Well, that’s a bummer, indeed, not having life-threatening conditions blanket your region in a wall of (admittedly very pretty) snow and ice.
But remember what they say about hindsight. Public officials trying to decide how to react to a coming storm have to weigh two important, related factors that we, too, weigh every day in most of our decisions, when we make decisions about the future, or even to get out of the house in the morning:
How to react to the false positives and false negatives that lurk everywhere and what’s the distribution of the forecast we are considering.

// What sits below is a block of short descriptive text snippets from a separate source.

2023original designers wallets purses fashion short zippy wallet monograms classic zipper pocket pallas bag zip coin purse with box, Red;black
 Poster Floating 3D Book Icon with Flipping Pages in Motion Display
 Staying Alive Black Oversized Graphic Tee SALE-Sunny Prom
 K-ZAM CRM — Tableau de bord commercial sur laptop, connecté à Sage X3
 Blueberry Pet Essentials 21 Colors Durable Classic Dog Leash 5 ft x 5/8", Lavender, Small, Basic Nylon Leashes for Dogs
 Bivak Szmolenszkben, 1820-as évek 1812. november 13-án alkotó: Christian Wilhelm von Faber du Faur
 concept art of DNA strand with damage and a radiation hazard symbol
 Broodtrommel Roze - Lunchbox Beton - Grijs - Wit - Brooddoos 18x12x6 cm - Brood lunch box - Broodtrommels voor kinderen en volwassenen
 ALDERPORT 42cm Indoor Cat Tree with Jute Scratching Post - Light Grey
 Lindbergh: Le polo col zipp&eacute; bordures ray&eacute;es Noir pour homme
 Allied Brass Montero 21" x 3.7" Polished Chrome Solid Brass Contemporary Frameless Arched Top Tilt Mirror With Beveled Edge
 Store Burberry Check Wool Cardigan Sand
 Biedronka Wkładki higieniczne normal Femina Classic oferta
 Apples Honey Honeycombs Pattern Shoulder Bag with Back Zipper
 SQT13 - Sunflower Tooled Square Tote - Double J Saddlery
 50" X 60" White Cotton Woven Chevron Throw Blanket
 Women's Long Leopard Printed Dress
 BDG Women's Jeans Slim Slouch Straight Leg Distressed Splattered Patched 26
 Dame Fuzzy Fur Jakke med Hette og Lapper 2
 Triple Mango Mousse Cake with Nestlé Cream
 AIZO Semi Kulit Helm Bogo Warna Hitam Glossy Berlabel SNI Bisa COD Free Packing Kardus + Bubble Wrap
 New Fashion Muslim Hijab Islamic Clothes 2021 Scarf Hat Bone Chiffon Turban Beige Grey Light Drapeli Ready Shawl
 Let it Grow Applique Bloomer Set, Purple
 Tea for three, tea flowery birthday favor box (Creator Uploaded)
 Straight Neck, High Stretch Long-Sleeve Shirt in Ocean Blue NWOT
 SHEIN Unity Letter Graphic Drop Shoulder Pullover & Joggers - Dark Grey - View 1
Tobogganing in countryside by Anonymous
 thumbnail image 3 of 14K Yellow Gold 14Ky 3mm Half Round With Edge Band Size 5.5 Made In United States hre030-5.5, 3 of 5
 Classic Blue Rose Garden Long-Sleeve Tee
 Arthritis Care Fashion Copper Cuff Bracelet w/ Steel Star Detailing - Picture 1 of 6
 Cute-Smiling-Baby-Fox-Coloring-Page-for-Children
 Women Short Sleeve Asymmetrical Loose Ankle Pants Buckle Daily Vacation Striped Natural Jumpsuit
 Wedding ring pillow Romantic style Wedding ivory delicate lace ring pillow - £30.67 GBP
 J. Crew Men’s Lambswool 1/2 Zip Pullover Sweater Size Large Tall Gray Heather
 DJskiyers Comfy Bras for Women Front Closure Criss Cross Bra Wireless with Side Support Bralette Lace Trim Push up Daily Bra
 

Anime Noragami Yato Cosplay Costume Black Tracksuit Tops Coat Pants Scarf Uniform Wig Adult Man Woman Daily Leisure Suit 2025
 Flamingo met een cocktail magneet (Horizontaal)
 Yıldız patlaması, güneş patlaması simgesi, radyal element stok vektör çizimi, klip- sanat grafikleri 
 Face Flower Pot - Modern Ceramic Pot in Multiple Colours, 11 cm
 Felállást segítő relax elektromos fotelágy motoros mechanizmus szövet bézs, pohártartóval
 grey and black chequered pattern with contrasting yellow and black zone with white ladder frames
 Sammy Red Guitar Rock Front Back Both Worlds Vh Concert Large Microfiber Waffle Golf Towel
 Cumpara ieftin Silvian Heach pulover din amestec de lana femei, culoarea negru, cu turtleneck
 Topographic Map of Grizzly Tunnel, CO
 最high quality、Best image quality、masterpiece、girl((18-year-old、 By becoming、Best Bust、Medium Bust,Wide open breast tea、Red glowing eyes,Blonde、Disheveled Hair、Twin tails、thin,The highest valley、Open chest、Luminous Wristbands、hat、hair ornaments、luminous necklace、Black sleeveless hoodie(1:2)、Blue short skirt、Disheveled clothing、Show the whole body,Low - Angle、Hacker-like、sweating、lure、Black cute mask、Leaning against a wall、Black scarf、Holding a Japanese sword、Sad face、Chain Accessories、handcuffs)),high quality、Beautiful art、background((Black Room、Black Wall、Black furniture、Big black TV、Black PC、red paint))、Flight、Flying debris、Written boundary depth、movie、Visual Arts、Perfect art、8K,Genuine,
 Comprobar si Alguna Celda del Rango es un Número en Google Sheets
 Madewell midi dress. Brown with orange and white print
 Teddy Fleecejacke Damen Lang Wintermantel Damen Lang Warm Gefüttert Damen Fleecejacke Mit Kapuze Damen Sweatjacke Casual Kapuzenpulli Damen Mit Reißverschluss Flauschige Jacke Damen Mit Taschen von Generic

Wait, wait, you say, all I want to know is: Will it Snow? And How Much? And that’s what forecasts give us:
Here’s what happened instead:
What went wrong? Nothing, actually. The problem is what we are given as a forecast (an expected amount of snow) is woefully inadequate to understand what it takes to make an informed decision. Presumably public officials understand this (I hope) and have access to more than that—but let’s run down the moving parts and discuss why.
For the moment, assume that your event outcome is binary; i.e that for all practical purposes, it will happen or not. Take cancer: you either have it, or not. Or pregnancy (for women): it’s true or it’s not. (No need for continuumsplaining folks, I know that even these have tiny gray areas).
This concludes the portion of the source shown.